Data provided:
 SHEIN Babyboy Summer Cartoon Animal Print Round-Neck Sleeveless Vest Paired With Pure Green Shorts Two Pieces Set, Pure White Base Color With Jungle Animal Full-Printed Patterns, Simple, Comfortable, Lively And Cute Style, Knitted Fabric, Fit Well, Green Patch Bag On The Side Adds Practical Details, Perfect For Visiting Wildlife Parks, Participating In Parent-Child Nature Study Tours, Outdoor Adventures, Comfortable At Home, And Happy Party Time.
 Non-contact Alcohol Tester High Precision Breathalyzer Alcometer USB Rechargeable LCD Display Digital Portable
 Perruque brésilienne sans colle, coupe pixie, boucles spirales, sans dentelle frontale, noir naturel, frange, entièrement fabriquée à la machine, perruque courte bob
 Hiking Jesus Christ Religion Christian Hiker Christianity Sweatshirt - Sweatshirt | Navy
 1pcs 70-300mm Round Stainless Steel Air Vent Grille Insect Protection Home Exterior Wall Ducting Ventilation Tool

Assigned task: Your answer should be the lines from the one that contains "Non-contact Alcohol Tester" through the last line of the material, copied exactly.

Finished exercise:
 Non-contact Alcohol Tester High Precision Breathalyzer Alcometer USB Rechargeable LCD Display Digital Portable
 Perruque brésilienne sans colle, coupe pixie, boucles spirales, sans dentelle frontale, noir naturel, frange, entièrement fabriquée à la machine, perruque courte bob
 Hiking Jesus Christ Religion Christian Hiker Christianity Sweatshirt - Sweatshirt | Navy
 1pcs 70-300mm Round Stainless Steel Air Vent Grille Insect Protection Home Exterior Wall Ducting Ventilation Tool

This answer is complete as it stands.